In my line of work I end up trying to move a large amount of text from web pages into things like Word and Excel. Getting the Text from the Web Browser is easy…Putting the text with formatting into an Office app could be a lot of work trying to parse through all the HTML and send the equivalent formatting commands with the text.
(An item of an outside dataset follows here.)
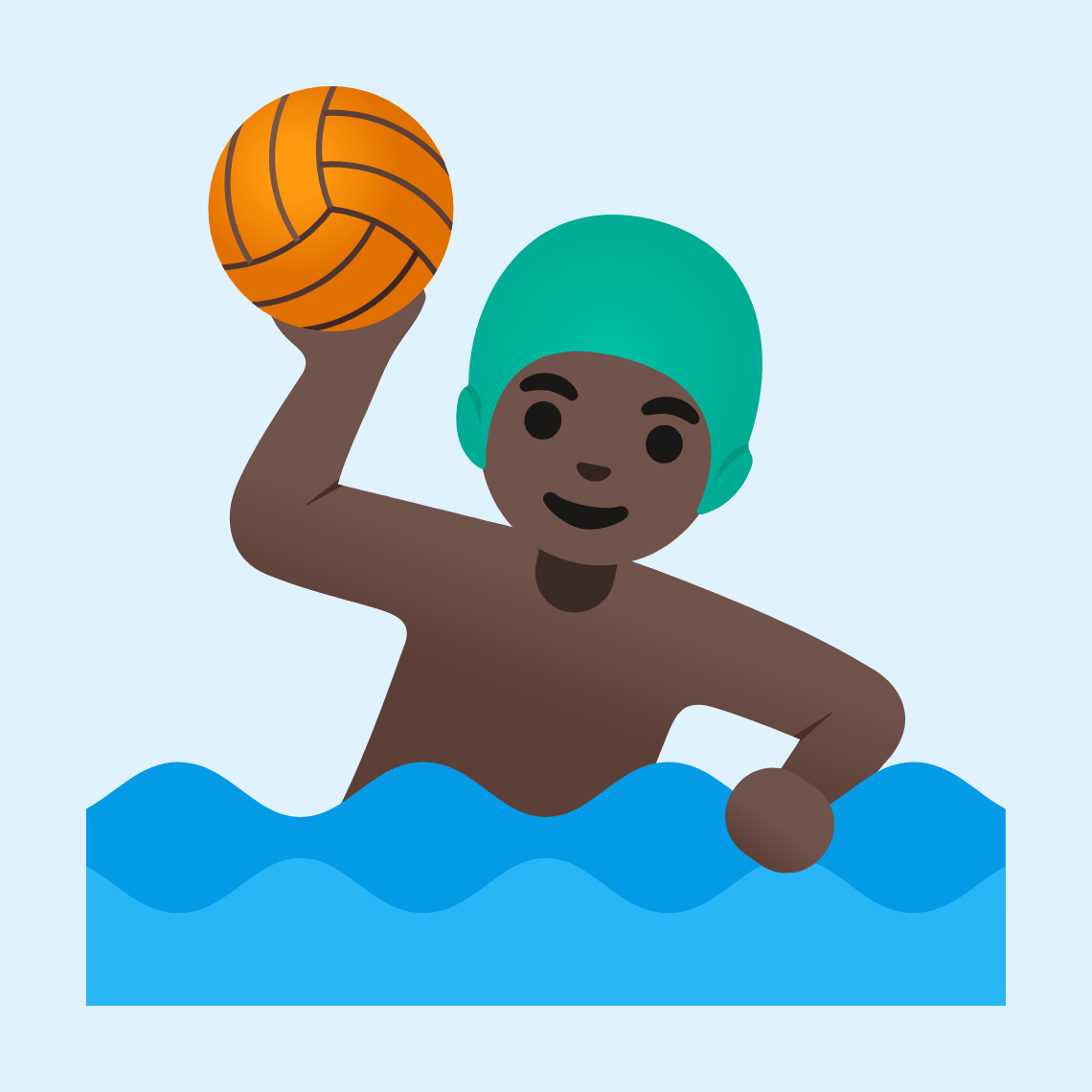 π€½πΏββοΈ Man playing water polo: dark skin tone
Fortunately, Word and Excel had the ability to paste from the clipboard HTML and render it with the correct formatting! …Only problem is that for some reason, no one added HTML support in the Win32::Clipboard gem?!? (At least not in the 1.8.x version of Ruby, which I use.) So I spent a few hours looking over the existing clipboard.rb file, found a VBA example of an HTML Copy, and came up with the following code:
#
# htmlclipboard.rb
#
module Win32
class Clipboard
@cfHTML = nil
def self.registerHTML
if not @cfHTML
@cfHTML = Win32::Clipboard.RegisterClipboardFormat("HTML Format")
end
end
=begin
zeroFmt(nbr)
-- Takes a number and formats with zero's in front.
1234 => "0000001234"
23 => "0000000023"
=end
def self.zeroFmt(nbr)
zeros = "0"*10
len = nbr.to_s.length # this is the number of digits in the number 2784 => 4
return zeros.slice(0..(zeros.length - len - 1)) + nbr.to_s
end
def self.set_html_data(clip_data)
sDataStart = "<HTML><BODY>\n<!--StartFragment -->"
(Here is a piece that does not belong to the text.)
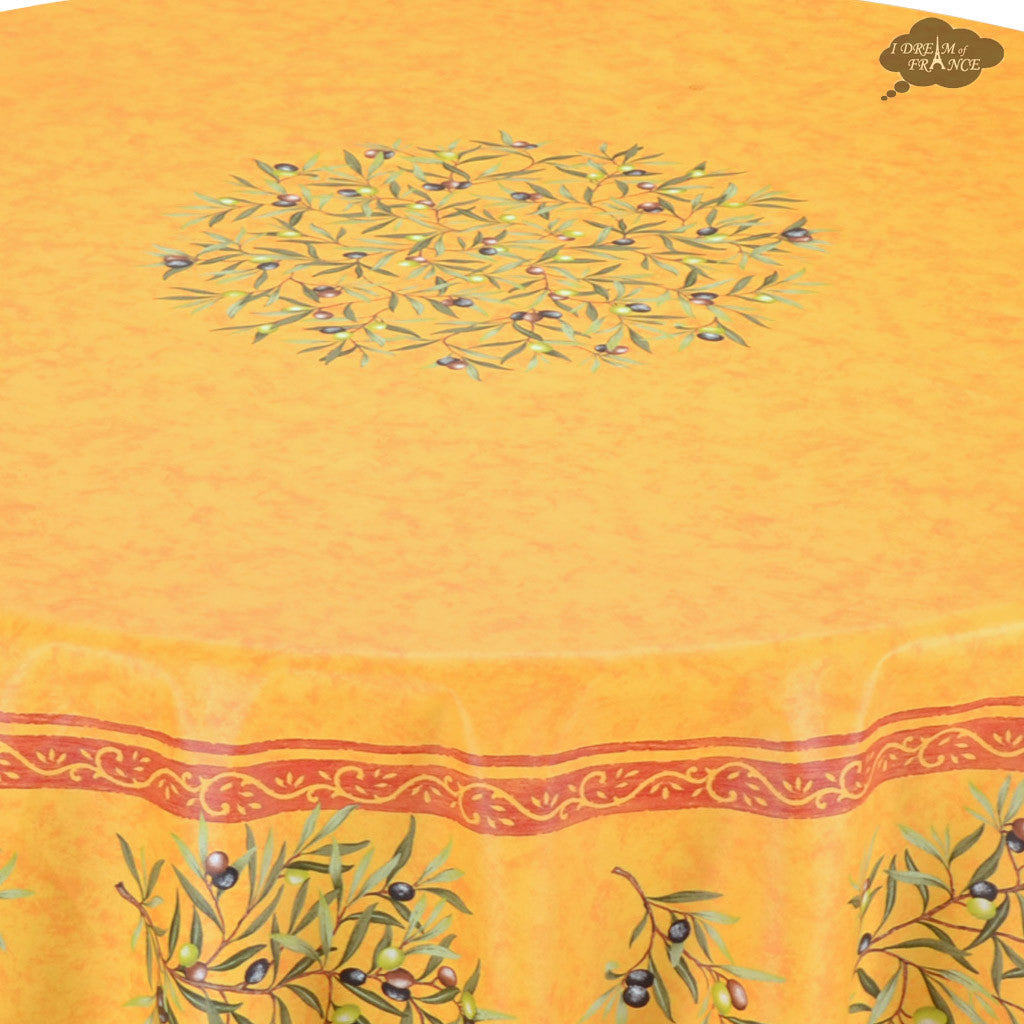 French Provencal tablecloth - Cotton, natural or acrylic-coated - 70" round, yellow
sDataEnd = "<!--EndFragment -->\n</BODY></HTML>"
sData = ""
#
# Clipboard Header: looks like ->
# Version: 1.0
# StartHTML:0000000000
# EndHTML:0000000000
# StartFragment:0000000000
# EndFragment:0000000000
sDataHdr = "Version:1.0\r\nStartHTML:aaaaaaaaaa\r\nEndHTML:bbbbbbbbbb\r\n"
sDataHdr += "StartFragment:cccccccccc\r\nEndFragment:dddddddddd\r\n"
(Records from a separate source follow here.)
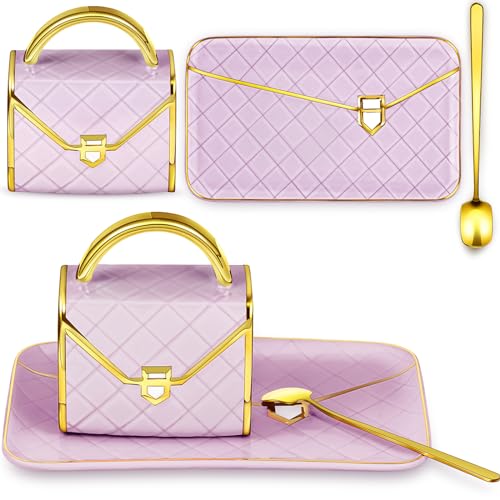 Zubebe Handbag-Shaped Coffee Mug Set Purple with Saucer & Spoon - Elegant Gift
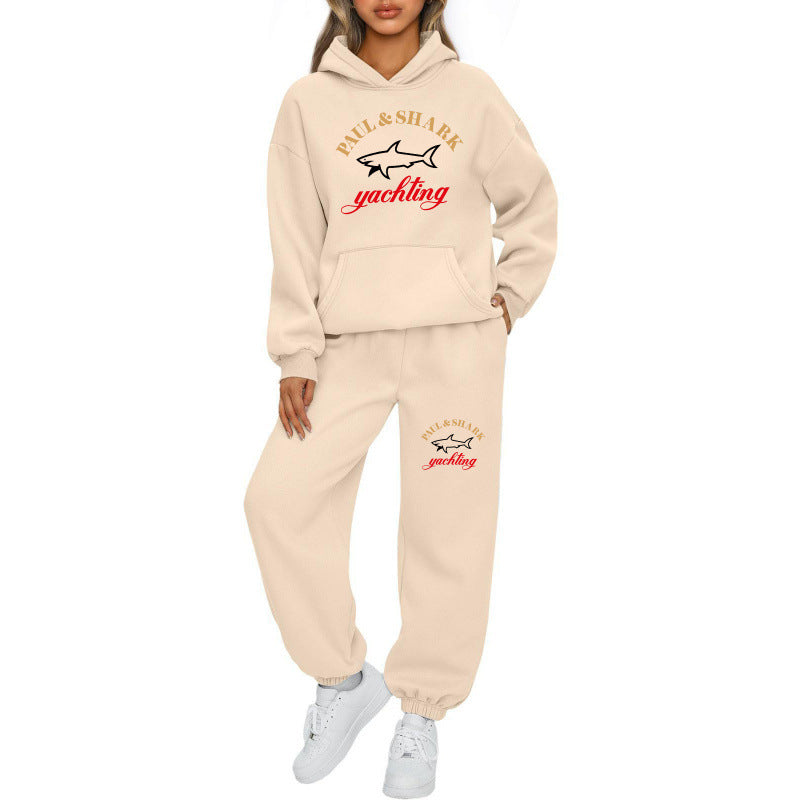 Damen nan oversized Hoodie und Jogginghose Set mit Kapuze Kängurutasche und gerippten Bündchen Drune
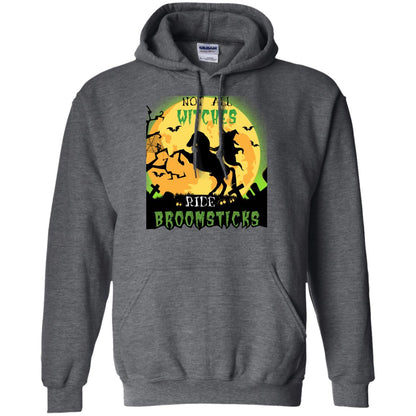 Not All Witches Ride Broomsticks Witches Ride A Horse Funny Halloween Shirt Dark Heather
sData = sDataHdr + sDataStart + clip_data + sDataEnd
sData = sData.gsub(/aaaaaaaaaa/) { zeroFmt(sDataHdr.length) }
sData = sData.gsub(/bbbbbbbbbb/) { zeroFmt(sData.length) }
sData = sData.gsub(/cccccccccc/) { zeroFmt(sDataHdr.length + sDataStart.length) }
sData = sData.gsub(/dddddddddd/) { zeroFmt(sDataHdr.length + sDataStart.length + clip_data.length) }
if not @cfHTML
self.registerHTML
end
self.open
EmptyClipboard()
hmem = GlobalAlloc(GHND, sData.length + 10)
mem = GlobalLock(hmem)
memcpy(mem, sData, sData.length)
begin
if SetClipboardData(@cfHTML, hmem) == 0
raise Error, "SetClipboardData() failed; " + get_last_error
end
ensure
GlobalFree(hmem)
self.close
end
self
end
end
end
Adding support for HTML was pretty trivial. The trickiest part is that the clipboard header has fields that require byte offsets that include the header…so you have to use place holder values for the offset numbers, then go back and figure out what the numbers really are and substitute them back in. This code extends the existing Win32::Clipboard class, so it can reference existing functions and includes from that class. The actual Copy-to-Clipboard lines of the code are a straight copy from the existing Win32::Clipboard set_data method.
Once you have this code, you use it like so:
...
require 'win32/clipboard'
require 'htmlclipboard.rb'
require 'win32ole'
class WordConst
#Empty class to hold Word Constants
end
msword = WIN32OLE.new('Word.Application')
WIN32OLE.const_load(msword, WordConst)
word = msword.Document.Open("MyWork.doc")
...
html = "<HTML><BODY><h1>This is a test of the HTML Clipboard code!</h1>How did it work?</BODY></HTML>"
Win32::Clipboard.set_html_data(html)
word.Selection.PasteAndFormat(WordConst::WdPasteDefault)
Make sure the htmlclipboard.rb file is called after the win32/clipboard or you will have a number of errors! In this example, the h1 line will paste into Word using the ‘H1′ style, and the following text will paste into Word using the ‘Normal’ style. Since we are only registering one type of data(”HTML Format”) in the Clipboard, the WdPasteDefault parameter to the PasteAndFormat method can be used to paste in the HTML. If we had registered multiply types, then we would need to be more specific.
Have Fun!